Traumatic Cardiac Arrest (Pediatric)

 

History:

 

  • Past medical history
  • Medications
  • End stage renal disease
  • Estimated downtime
  • Suspected hypothermia
  • Suspected overdose
  • DNR form

 

Significant Findings:

 

  • Unresponsive
  • Pulseless
  • Apneic
  • No electrical activity on EKG
  • V-fib/V-tach
  • No auscultated heart tones

 

 

Criteria for Death/DNR ?

 

  • Yes
      • Withhold Resuscitation
      • See COG 1.4
      • Contact Coroner

 

Criteria for Death/DNR ?

 

  • No

 

    • Rapid Transport
    • Immediate continuous compressions
    • Cardiac monitor/AED
    • Initiate IV/IO
    • Place BIAD and provide 20-30 breaths per minute
    • Treat correctable causes early

 

V-Fib/pulseless V-tach ?

 

  • Yes

 

    • Defibrillate 2 joules/kg; all subsequent shocks at 4 joules/kg
    • Place 2nd IV/IO when feasible

 

PEA >30

 

  • Yes

 

 

    • Normal Saline 20 mL/kg IV/IO; max 60 mL/kg or 1,000 mL
    • Place 2nd IV/IO when feasible

 

Return of spontaneous circulation ?

 

  • Yes

 

    • Notify receiving facility or contact Medical Control

 

PEARLS:

 

  • If cardiac arrest is believed to be caused by a medical etiology, follow medical cardiac arrest COG
  • Request blood products early
  • Fluid should be given in increments of 20 mL/kg, reassess after each bolus.
  • Hangings are not considered trauma.

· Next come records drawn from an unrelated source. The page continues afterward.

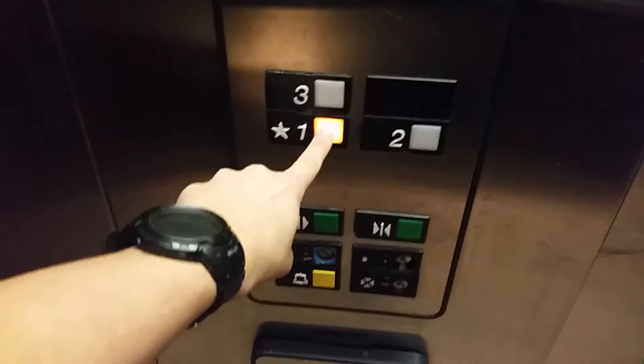Just your basic Otis Elevator — really nice. Elevator's capacity is 2,500 pounds. Here's your fixtures. Here's your non-ADA phone.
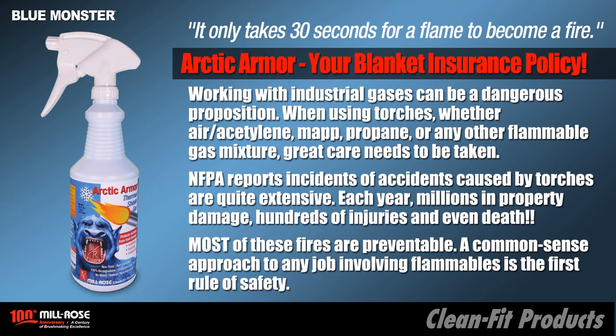Working with industrial gases can be a dangerous proposition. When using torches — whether air acetylene, MAP, propane, or any other flammable gas mixture — great care needs to be taken. The NFPA reports incidents of accidents caused by torches are quite extensive. Each year: millions in property damage, hundreds of injuries, and even death.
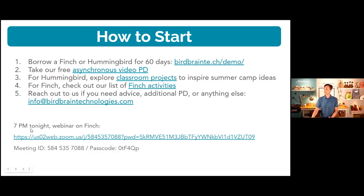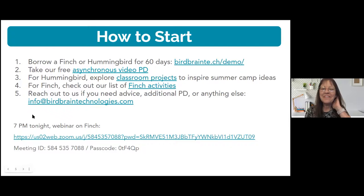There is a webinar on the Finch robot tonight at 7pm — a deeper dive — with Maryland computer science educators, so it's already your cohort. That's it — thank you very, very much.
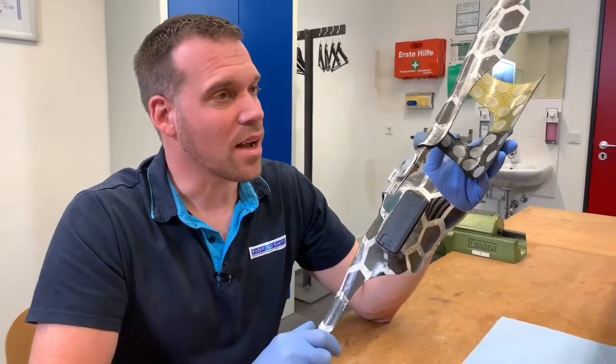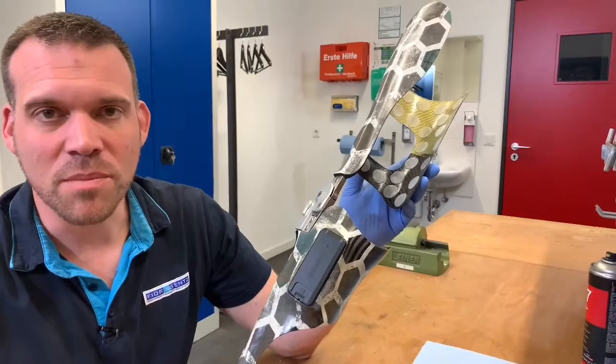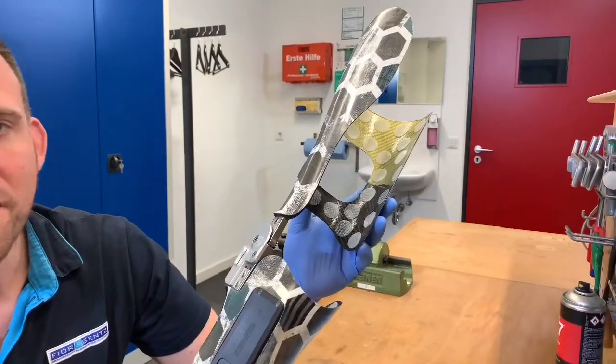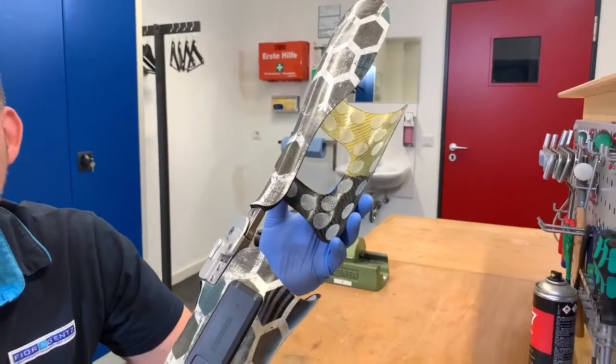Let's say we need to do the maintenance on a neurotronic KFO in the workshop. I first removed the X-Dry inner padding material, and as you know, this can be washed and replaced if necessary. This is not only hygienic, but it is also the best way to check the laminate for damage.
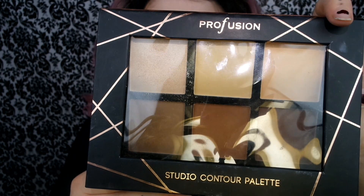For contour, I'm taking this Profusion Contour Palette in that shade right there. And then I'm just going to carve out my cheekbones and under my jaw. I'm also going to show you guys how I have recently been contouring my nose.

See appropriate medical protocol.
  • Always confirm asystole in more than one lead.
  • Assign a team resuscitation leader and utilize checklist.
  • Place monitor in paddles mode with metronome on.
  • Reassess and document advanced airway placement and EtCO2 frequently, after every move, and at transfer of care.